##### Given information

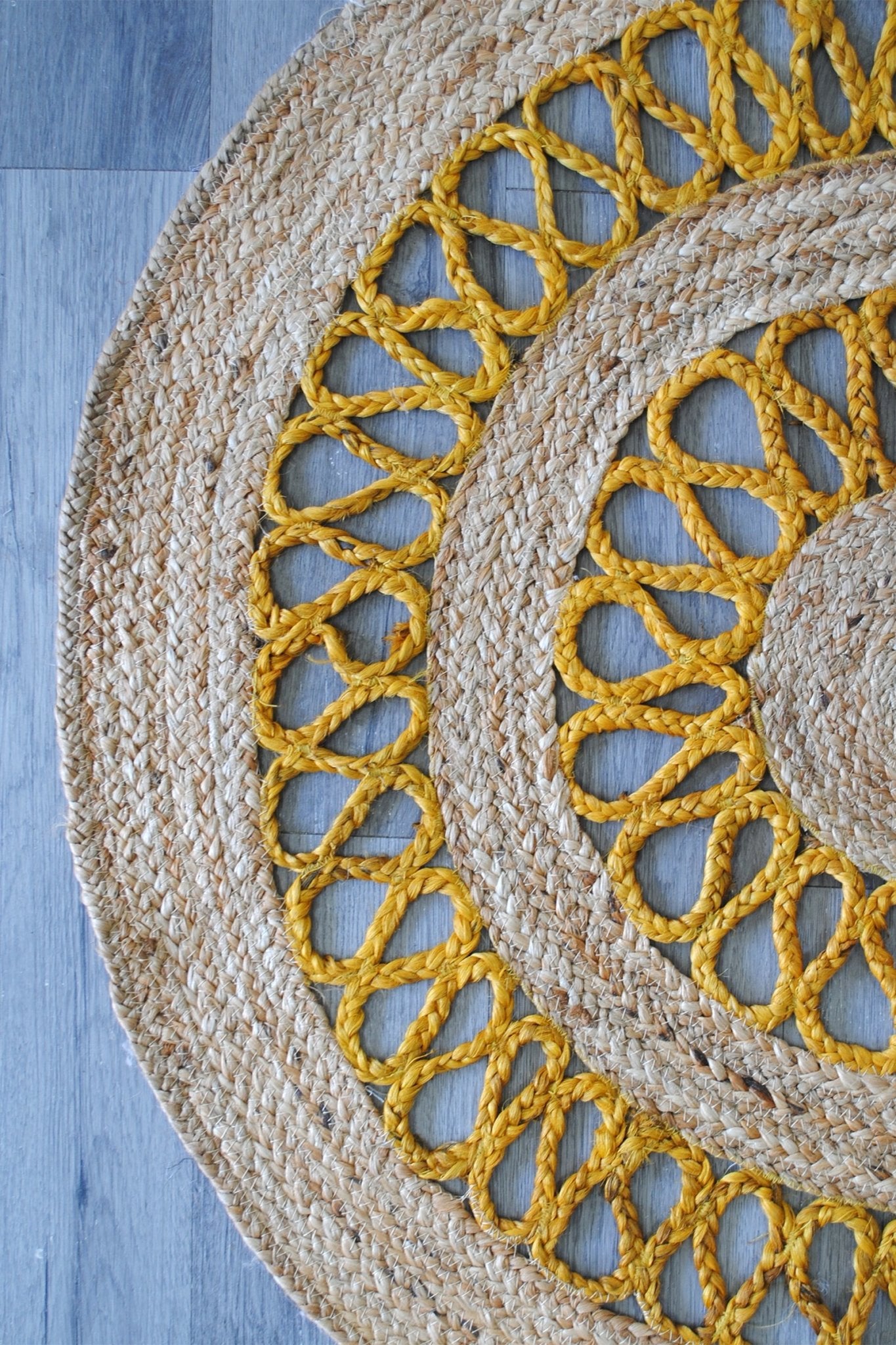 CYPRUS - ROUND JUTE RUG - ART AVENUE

##########
##### Given information

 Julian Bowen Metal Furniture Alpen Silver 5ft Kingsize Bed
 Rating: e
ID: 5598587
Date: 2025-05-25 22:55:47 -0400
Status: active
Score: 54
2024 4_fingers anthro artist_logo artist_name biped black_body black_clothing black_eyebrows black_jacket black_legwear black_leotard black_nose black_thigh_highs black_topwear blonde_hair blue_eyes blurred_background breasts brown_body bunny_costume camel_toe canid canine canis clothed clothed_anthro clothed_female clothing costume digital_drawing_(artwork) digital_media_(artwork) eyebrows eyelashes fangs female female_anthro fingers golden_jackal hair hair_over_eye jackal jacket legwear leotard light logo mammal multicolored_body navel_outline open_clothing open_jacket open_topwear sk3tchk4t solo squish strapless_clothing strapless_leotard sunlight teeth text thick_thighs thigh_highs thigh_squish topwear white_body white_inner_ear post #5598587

##########
##### Given information

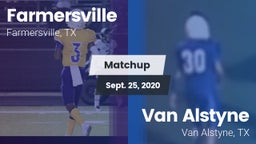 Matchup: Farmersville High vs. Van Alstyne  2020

##########

* Directions for this task
All lines in the listing above between the line with "ID: 5598587" and the line with "2024 4_fingers anthro", inclusive, should be set down exactly, and no line outside that range.

* Written answer
ID: 5598587
Date: 2025-05-25 22:55:47 -0400
Status: active
Score: 54
2024 4_fingers anthro artist_logo artist_name biped black_body black_clothing black_eyebrows black_jacket black_legwear black_leotard black_nose black_thigh_highs black_topwear blonde_hair blue_eyes blurred_background breasts brown_body bunny_costume camel_toe canid canine canis clothed clothed_anthro clothed_female clothing costume digital_drawing_(artwork) digital_media_(artwork) eyebrows eyelashes fangs female female_anthro fingers golden_jackal hair hair_over_eye jackal jacket legwear leotard light logo mammal multicolored_body navel_outline open_clothing open_jacket open_topwear sk3tchk4t solo squish strapless_clothing strapless_leotard sunlight teeth text thick_thighs thigh_highs thigh_squish topwear white_body white_inner_ear post #5598587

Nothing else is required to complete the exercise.